Remakes can be tricky propositions. In an interview with Slant Magazine, Spike Lee notes that he met with Park Chan-wook, the director of the 2003 Oldboy, where he was given the following advice: “Don’t do my film. Make your own”. Lee is a director with a distinct personality that can be identified throughout a majority of his output. From the verbal acrobatics of his debut She’s Gotta Have It to the rigid racial commentaries in Do the Right Thing and Jungle Fever to his incredible attention to social milieu in 25th Hour and When the Levees Break, Lee has a penetrating style that’s evocative of his upbringing and teachings. Oldboy may have the superficial flourishes that define Lee’s work, but it’s arguably not a film constructed under his own volition. Rather, Lee is heeding Chan-wook’s request, but approaching the material with a carpenter’s mentality - designing a film with incredible formal proficiency but not signing off on the final product as his own.
Lee and writer Mark Protosevich tinker with Chan-wook’s initial narrative from the start, providing the central character with a bit more back story before enduring a 20-year sentence.
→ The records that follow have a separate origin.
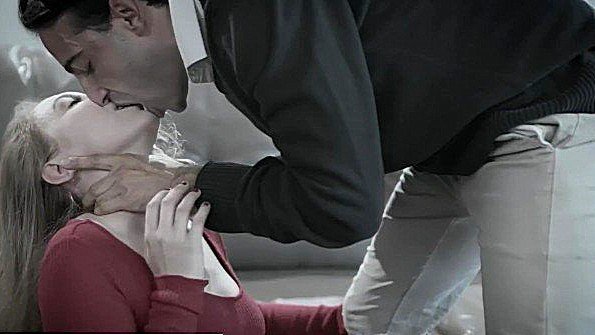 Устала мастурбировать и хочет поебаться с мужиком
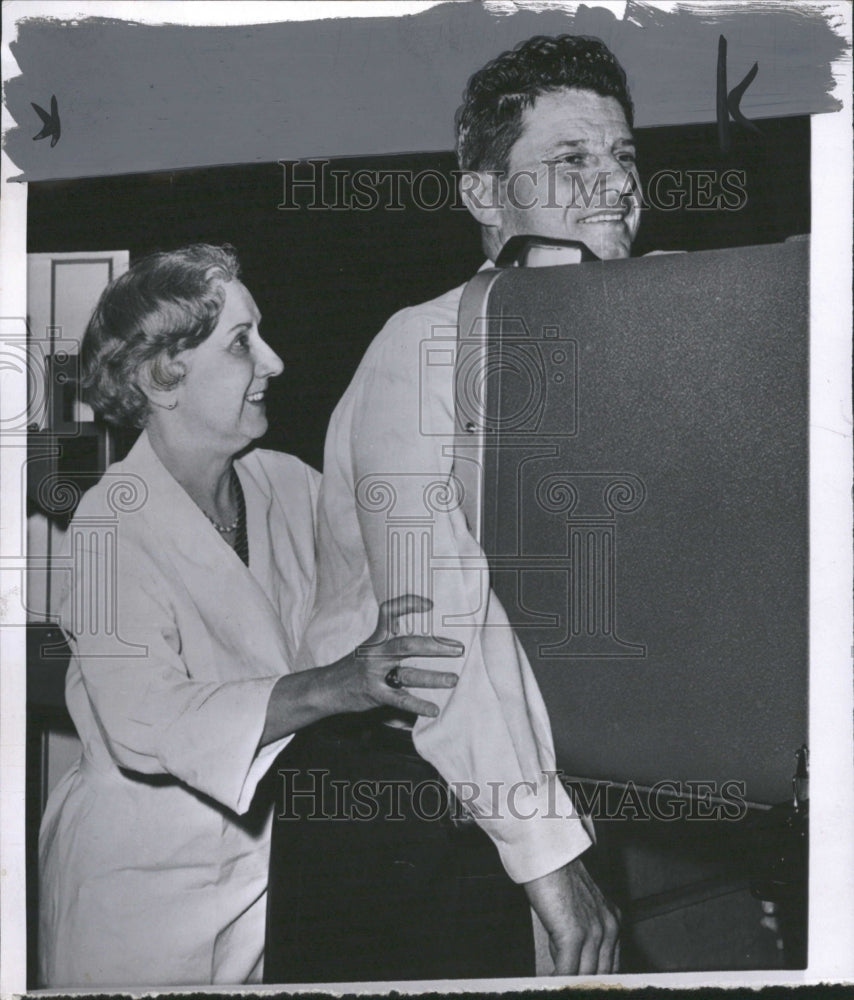 1958 Braves Andy Pafko is given TB check up by Mrs. Helen Johnson - Historic Images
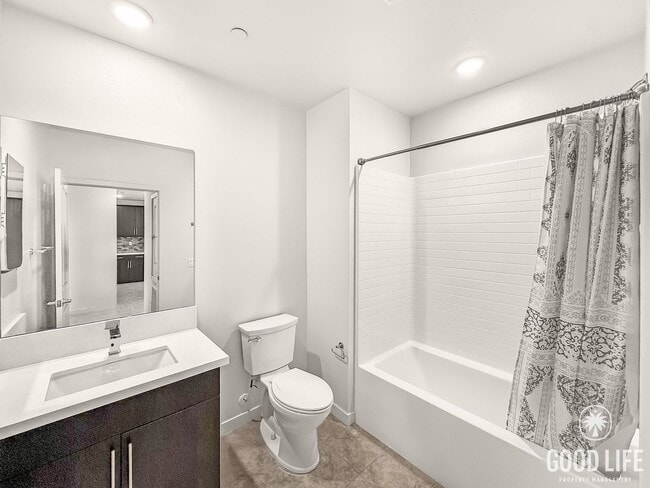 Building Photo - 3B/2BA Home with Private Elevator & Mountain Views!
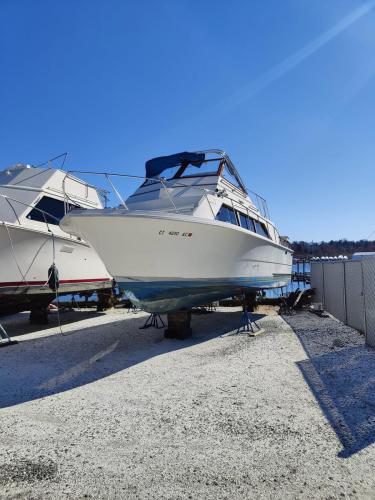 Boat Removal / Disposal in Massachusetts by Rapid Junk Removal RI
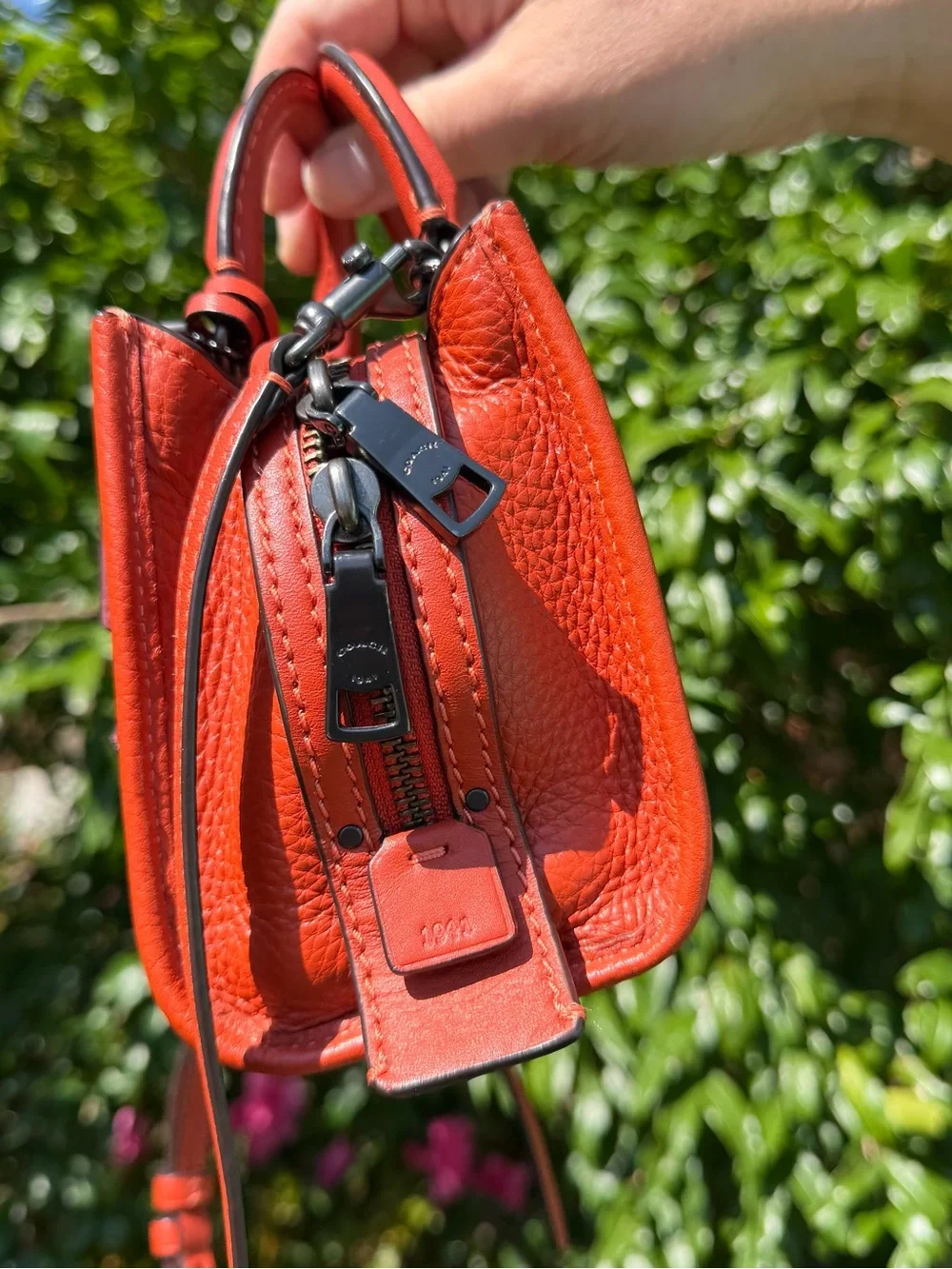 EUC Coach Rogue 17 Vermillion Orange Natural Pebble Leather Crossbody Bag 22978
Joe Doucett (Josh Brolin) is framed as an alcohol-addled ad executive, with his abuse looking to stem from a past trauma. Following a night of drunken debauchery, Douchett finds himself imprisoned. Fed a regular diet of cereal and dumplings and entertained by a television, Douchett simply bides his time. He soon discovers that his wife has been murdered. He’s framed for the incident. And images of his daughter pass by. Questions about who imprisoned him motivate Douchett, along with a need for him to sober up and seek out his daughter.
Those familiar with Chan-wook’s work will see Lee pay homage to the original’s visual eccentricities, including a couple of well-placed prop items that don’t figure into Lee’s vision. Lee and Protosevich’s narrative deviations work for the most part - Lee essentially strips Chan-wook’s more existential qualities for a straight-forward revenge thriller that’s held together by its own eccentricities. From Josh Brolin’s strained but comical displays of masculine bravado to Samuel L. Jackson’s usual bits of hyperactive ghettoisms, Oldboy sees the comic potential in Chan-wook’s effort and responds accordingly. These bits of B-movie aesthetics clash a bit with Elizabeth Olsen’s contributions to the picture, though she really does propel the film’s dramatic qualities with the sort of refrained finesse that made Martha Marcy May Marlene so effective.
There’s a sense of excitement to Lee’s Oldboy, even as I didn’t get the sense that Lee himself is excited about the making of it. Unlike his recent Red Hook Summer, Lee is straightforward with the material. For that, I actually found the picture to be a welcome return to form - it’s more a display of how refined and audacious his stylistic capacities are rather than an effort that overextends his reach.